It was a bird of prey, designed to search and destroy.
The Apache flew along the Shenandoah River, circled the summer camp at the bend of the river, and landed on the soft mud at the bank. Its quad-bladed main rotor and tail rotor – designed to increase survivability during attack – continued to turn at speed.
Special Agent Ryan Devereaux opened the door of the Apache, climbed down the three ladder rungs, and stepped onto the ground. He ducked his head out of instinct, despite the height of the rotor blades being far above him.
He greeted the manager of the summer camp who had reported the intrusion. They spoke for a few minutes and then he climbed back on board the Apache helicopter.
Once inside, the pilot asked, “What did he say?”
Devereaux grinned. “They were here up until twenty-four hours ago.
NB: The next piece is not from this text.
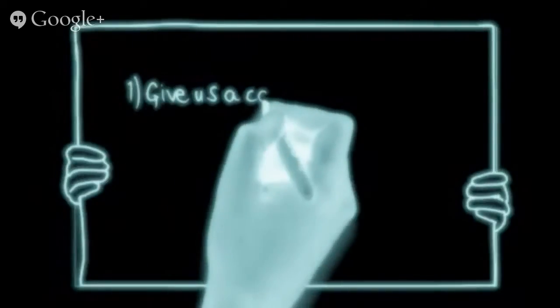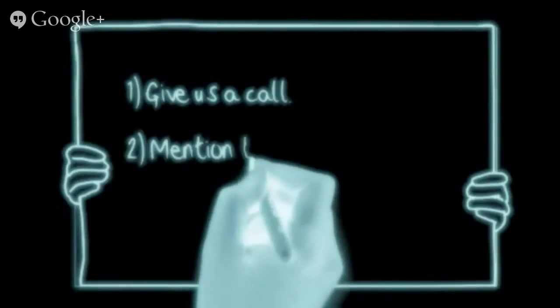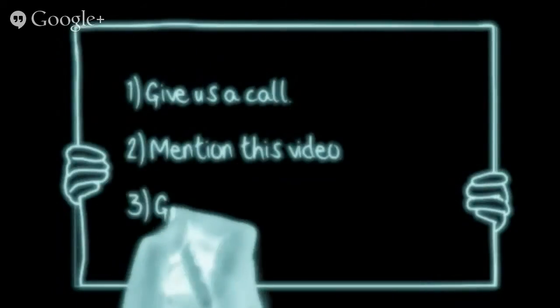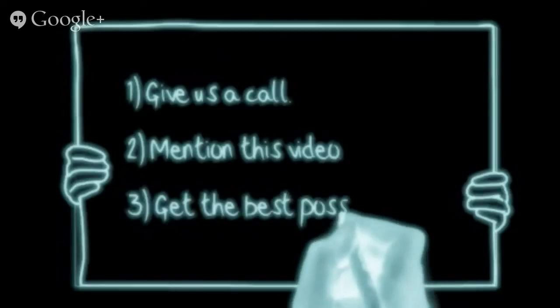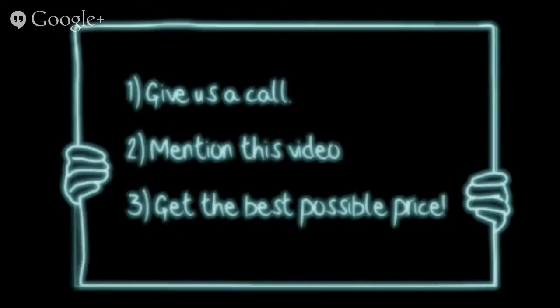So if you'd like to give us a try, then give us a call, mention this video, and we'll do our best to get you the best possible price.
They stole a raft and presumably put it into the Shenandoah.”
“How far can they get?”
“According to the manager at the camp, they could make it all the way to the Potomac and then all the way to Chesapeake Bay.”
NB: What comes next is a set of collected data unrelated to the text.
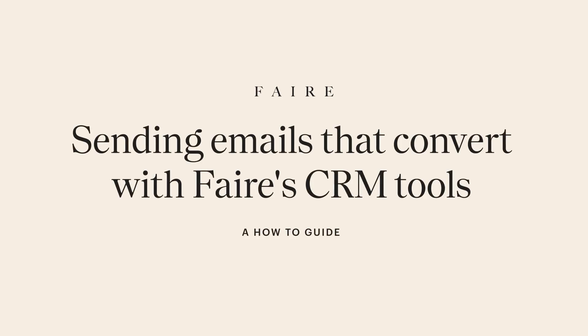Welcome! In this video, we'll walk through FAIR's CRM tools and how to use them to send engaging, targeted email marketing that converts.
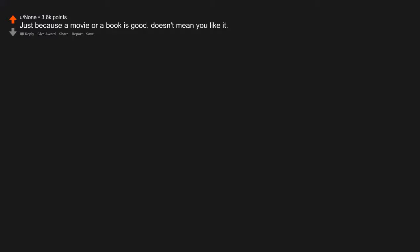Experience is not equal to competence. Nearly every hand you shake has held a penis. Just because a movie or a book is good, doesn't mean you like it.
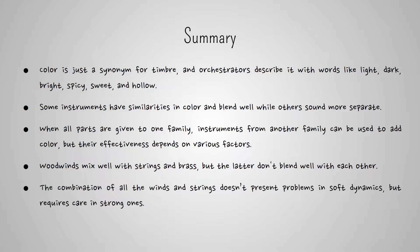Percussion instruments can also be used to add color, but they tend to stand out, and for that reason, care must be taken in this case.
“Great. You want me to run the distance of the river?” the pilot asked.
“Yeah, until someone else gets me better intel!”
The two General Electric T700 turboshaft engines screamed as their RPM reached take-off speed. An instant later, the attack helicopter was in the air.
Its pilot flew fast and low above the Shenandoah River.
Twenty miles downriver Devereaux said, “New plan, we’re heading to Leesburg.”
“Understood, sir,” the pilot replied, taking the Apache up to a higher altitude. “What do you know?”
“A kayaker at Leesburg just reported finding the summer camp’s raft along the shore.”
“He’s certain it’s ours?”
Devereaux smiled. “Yeah. He’s certain. The raft has the summer camp’s name printed all over it. The man even gave us the boat number, which we’ve matched to the one stolen. So, yeah, that’s our raft!”
The pilot flew above the Shenandoah Valley, cutting across the land in a due east bearing at Bluemont. The helicopter circled the bend in the river where the raft had washed up on the shore. The banks were lined with Red Maple and River Birch, opening to clearings with verdant fields and bucolic homesteads.
Devereaux swore.
Even if Ben had gotten off the raft here, it was going to be a nightmare to locate him.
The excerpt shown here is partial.